# Smoothing

### Which tolerance should I choose when using knickpointfinder?

Kai Deng from the GFZ Potsdam commented on my previous post on knickpointfinder and asked the question about the parameter ‘tol’:

[…] one question on the parameter “tol”. You said that “the value of tol should reflect uncertainties that are inherent in longitudinal river profile data”. However, I’m still confused about how to translate this sentence into code, or in another word, how can I validate my choice of tol by some criteria based on codes?

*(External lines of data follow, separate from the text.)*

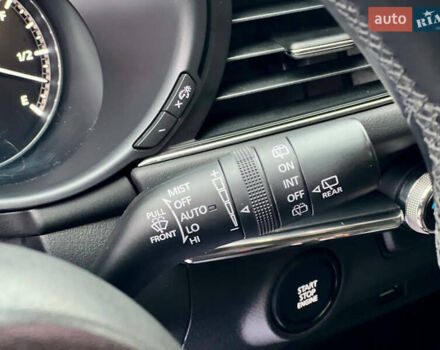 Белый Мазда 3, объемом двигателя 2.5 л и пробегом 81 тыс. км за 16200 $, фото 31 на Automoto.ua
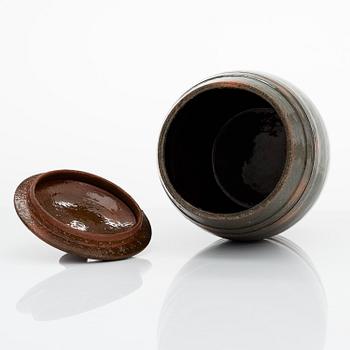 ALFRED WILLIAM FINCH, A jar with lid by Iris Finland 1901.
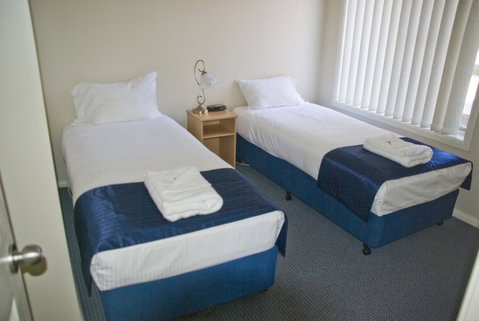 Colonial Court Villas - Accommodation Redcliffe 33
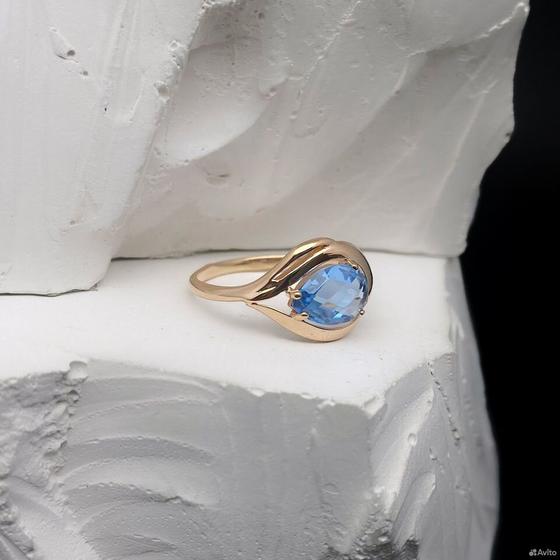 Золотое кольцо с камнем 585пр. размер: 16,8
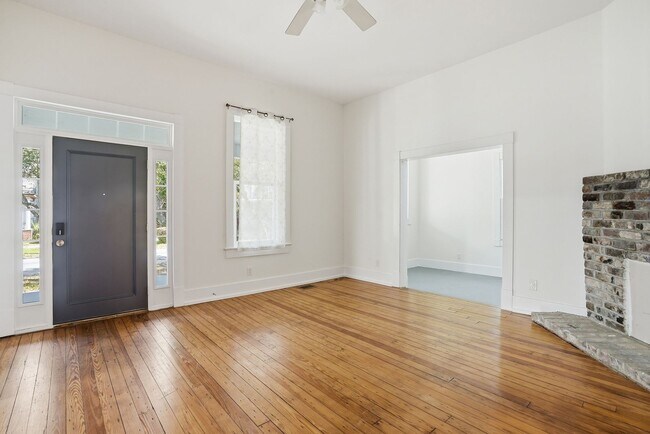 Building Photo - Beautiful Victorian Home for Lease in the Heart of Savannah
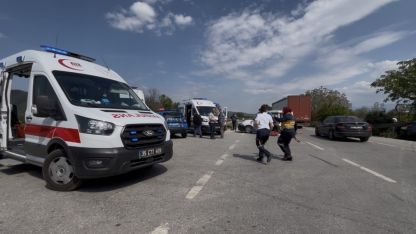 İzmir’de otomobil ile hafif ticari araç çarpıştı: 4’ü çocuk 7 yaralı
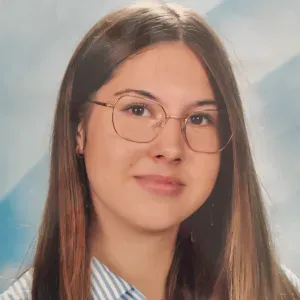 Baby-sitter à Lille, disponible soirs, week-ends et vacances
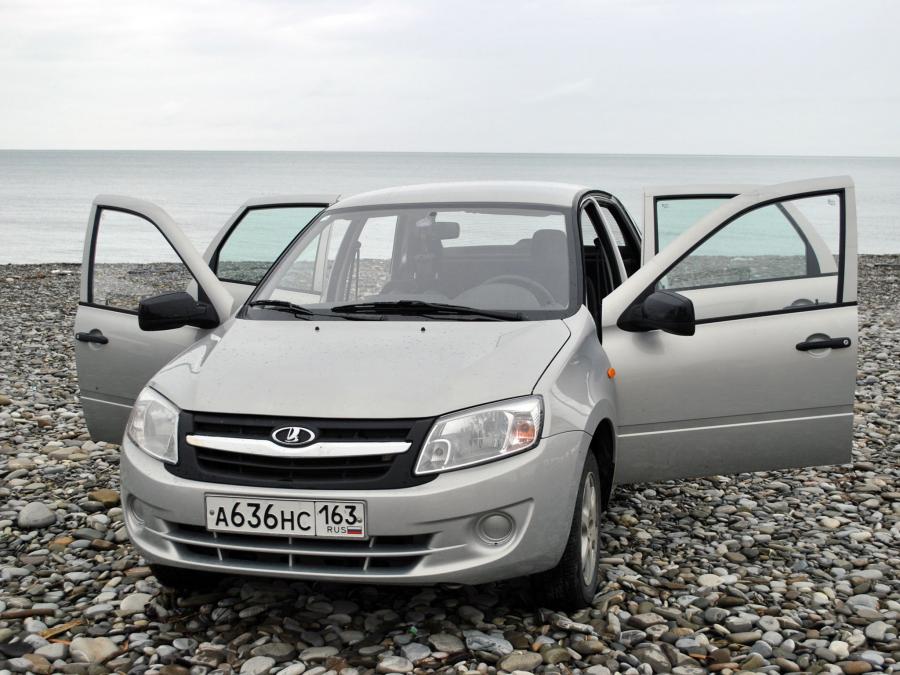  Lada Granta (2190) 2011 года  (фото 11 из 33)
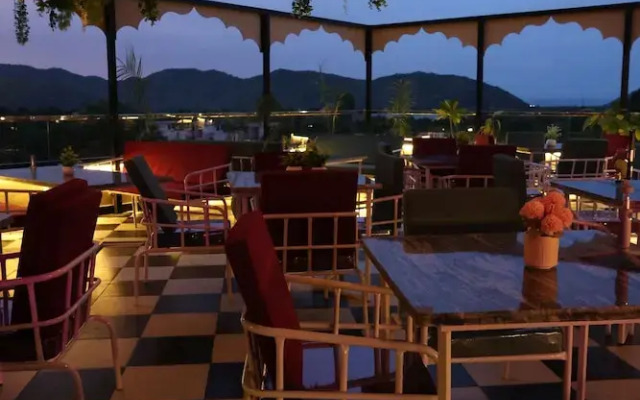 Jaipur Qila-Boutique Hotel and Roof Cafe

Now that’s an excellent question. The ‘tol’-parameter determines how many knickpoints the finder will detect and we might not want to miss a knickpoint. At the same time, we know that river profile data often has some erroneous values and we wouldn’t want to pick knickpoints that are merely artefacts of the data. So, what value of ‘tol’ should we choose?

I wrote that “the value of tol should reflect uncertainties that are inherent in longitudinal river profile data”. More specifically, I would argue that one should choose tolerance values that are higher than the maximum expected error between the measured and the true river profile. With lower tolerance values we would likely increase the false positive rate, i.e., the probability that we choose a knickpoint that is due to an artefact.

Now, the problem that we immediately face is that we don’t know this error. Of course, there are quality measures for most common DEM products but usually these do not apply to values measured along valley bottoms, at least if you take common global DEM products such as SRTM, ASTER GDEM, etc (Schwanghart and Scherler, 2017). Usually, there are also no repeated measurements. Hence, we cannot estimate the error as we would in the case of measurements in the lab.

But there is another approach: What we know for sure is that river profiles should monotonously decrease downstream. At least, this is true for the water surface, yet not necessarily bed elevations (e.g. due to the presence of riffle-pool sequences). The elevation of a pixel on the stream network should thus be either lower or equal to the elevation of its upstream neighbor. If it is not, than the value is probably wrong (for whatever reason). I say ‘probably’, because the upstream pixel might have an erroneously low value, too.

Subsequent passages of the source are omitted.